AMD64 was also well thought out; it wasn't just a simple "have two more bytes" slapped on 32 bit. Doubling the number of general purpose registers was noticeable - you took a performance hit going to 64 bit early on because all the memory addresses were wider, but the extra registers usually more than made up for it.
Fun fact: Bob Colwell (chief architect of the Pentium Pro through Pentium 4) recently revealed that the Pentium 4 had its own 64-bit extension to x86 that would have beaten AMD64 to market by several years, but management forced him to disable it because they were worried that it would cannibalize IA64 sales.

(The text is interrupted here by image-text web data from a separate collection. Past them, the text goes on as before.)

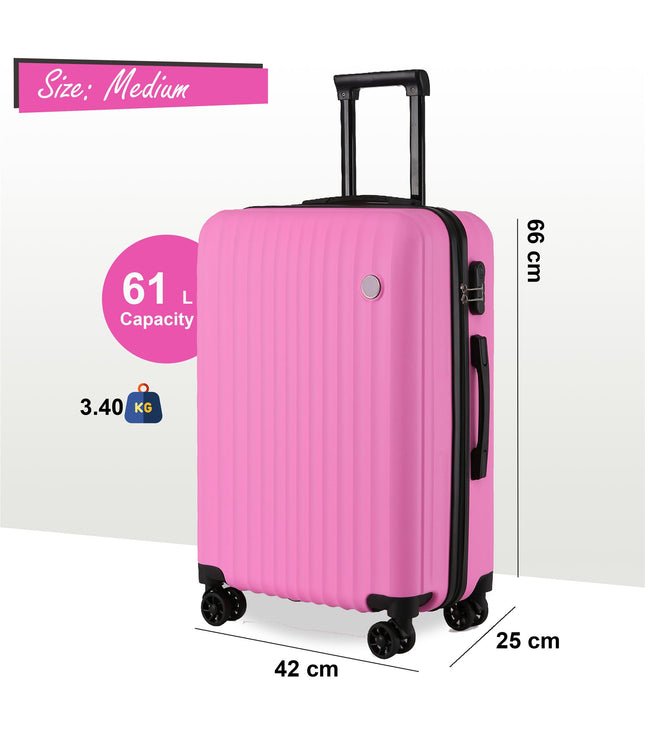 Edmonton Medium Hard Shell Suitcase in Pink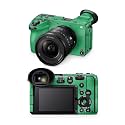 Glossy Glitter Camera Skin Compatible with Sony FX2 Digital Camera (2025) - Solid Green - Premium 3M Vinyl Protective Wrap Decal Cover - Easy to Apply | Crafted in the USA by MightySkins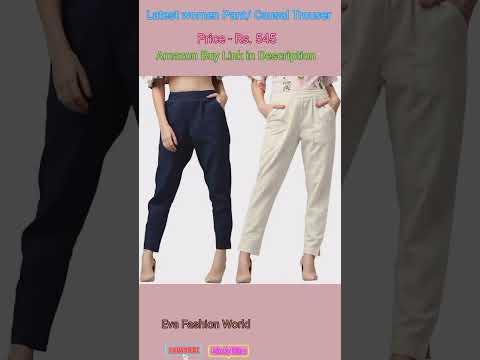 Latest Casual Women Pant/Casual Trouser/Slim Fit Pant/Pencil Pants with Both Side Pocket || #shorts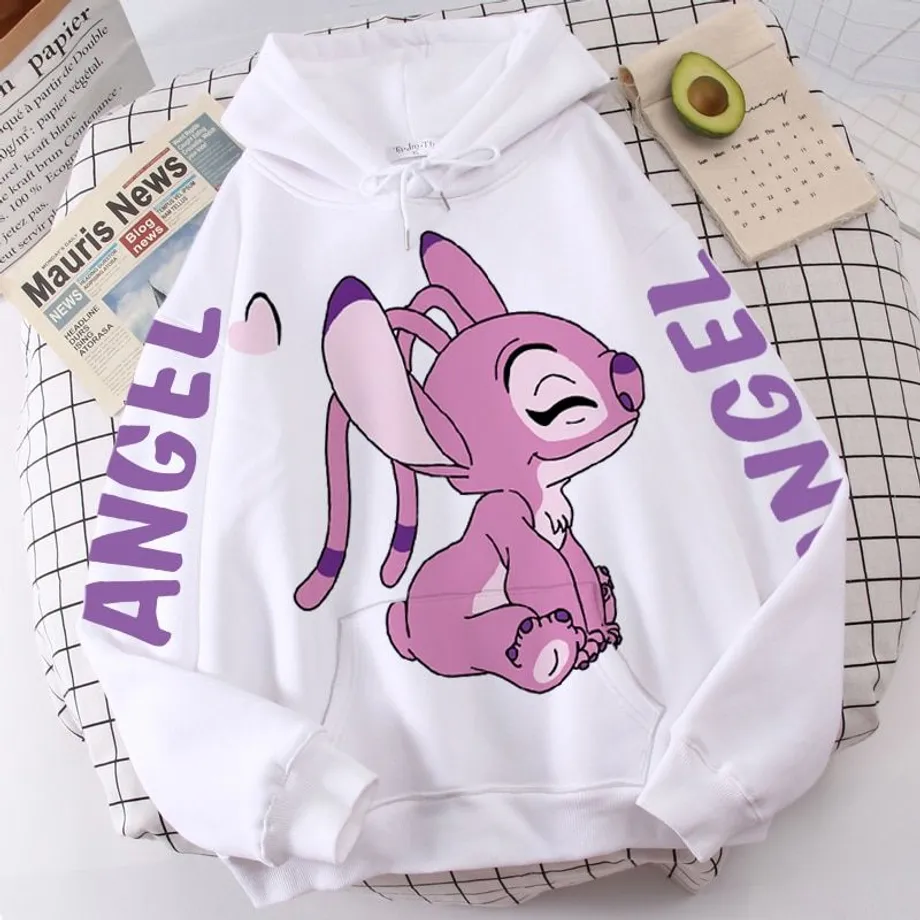 Trendy mikina v různých barvách s potiskem oblíbené Disney postavy Stitche Jullius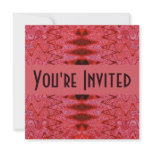 red background invitations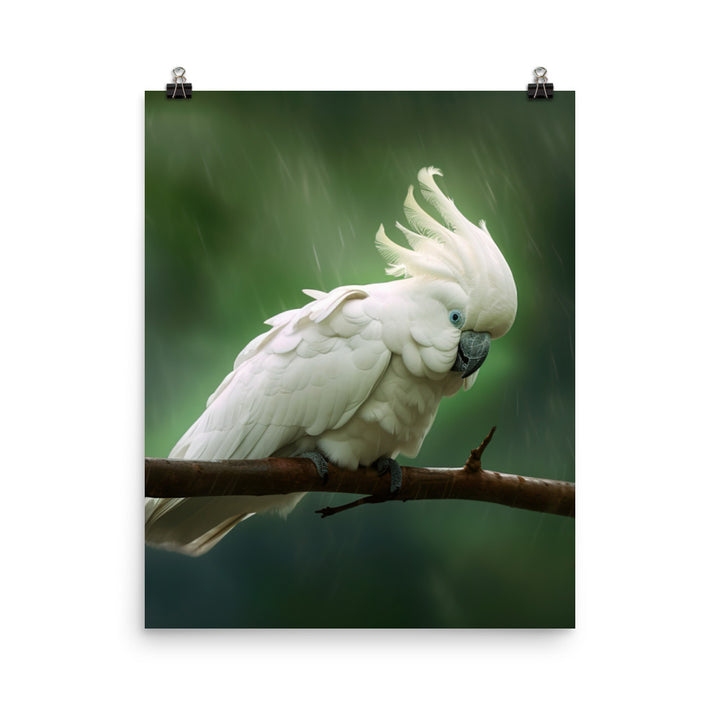Umbrella Cockatoo Photo paper poster - PosterfyAI.com
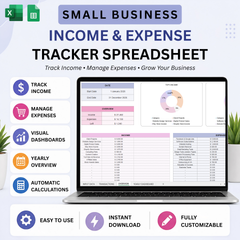 Small Business Income & Expense Tracker Spreadsheet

> Intel’s Pentium 4 had our own internal version of x86–64. But you could not use it: we were forced to “fuse it off”, meaning that even though the functionality was in there, it could not be exercised by a user. This was a marketing decision by Intel — they believed, probably rightly, that bringing out a new 64-bit feature in the x86 would be perceived as betting against their own native-64-bit Itanium, and might well severely damage Itanium’s chances. I was told, not once, but twice, that if I “didn’t stop yammering about the need to go 64-bits in x86 I’d be fired on the spot” and was directly ordered to take out that 64-bit stuff.
"Recently revealed" is more like a confirmation of what I had read many years before; and furthermore, that Intel's 64-bit x86 would've been more backwards-compatible and better-fitting than AMD64, which looks extremely inelegant in contrast, with several stupid missteps like https://www.pagetable.com/?p=1216 (the comment near the bottom is very interesting.)
If you look at the 286's 16-bit protected mode and then the 386's 32-bit extensions, they fit neatly into the "gaps" in the former; there are some similar gaps in the latter, which look like they had a future extension in mind. Perhaps that consideration was already there in the 80s when the 386 was being designed, but as usual, management got in the way.
> Fun fact: Bob Colwell (chief architect of the Pentium Pro through Pentium 4) recently revealed that the Pentium 4 had its own 64-bit extension to x86 that would have beaten AMD64 to market by several years, but management forced him to disable it because they were worried that it would cannibalize IA64 sales.
File this one under "we made the right decision based on everything we knew at the time." It's really sad because the absolute right choice would have been to extend x86 and let it duke it out with Itanium. Intel would win either way and the competition would have been even more on the back heel. So easy to see that decades later...
This seems like an object lesson in making sure that the right hand does not know what the left is doing. Yes, if you have two departments working on two mutually exclusive architectures, one of them will necessarily fail. In exchange, however, you can guarantee that it will be the worse one. This is undervalued as a principle since the wasted labor is more easily measured, and therefore decision making is biased towards it.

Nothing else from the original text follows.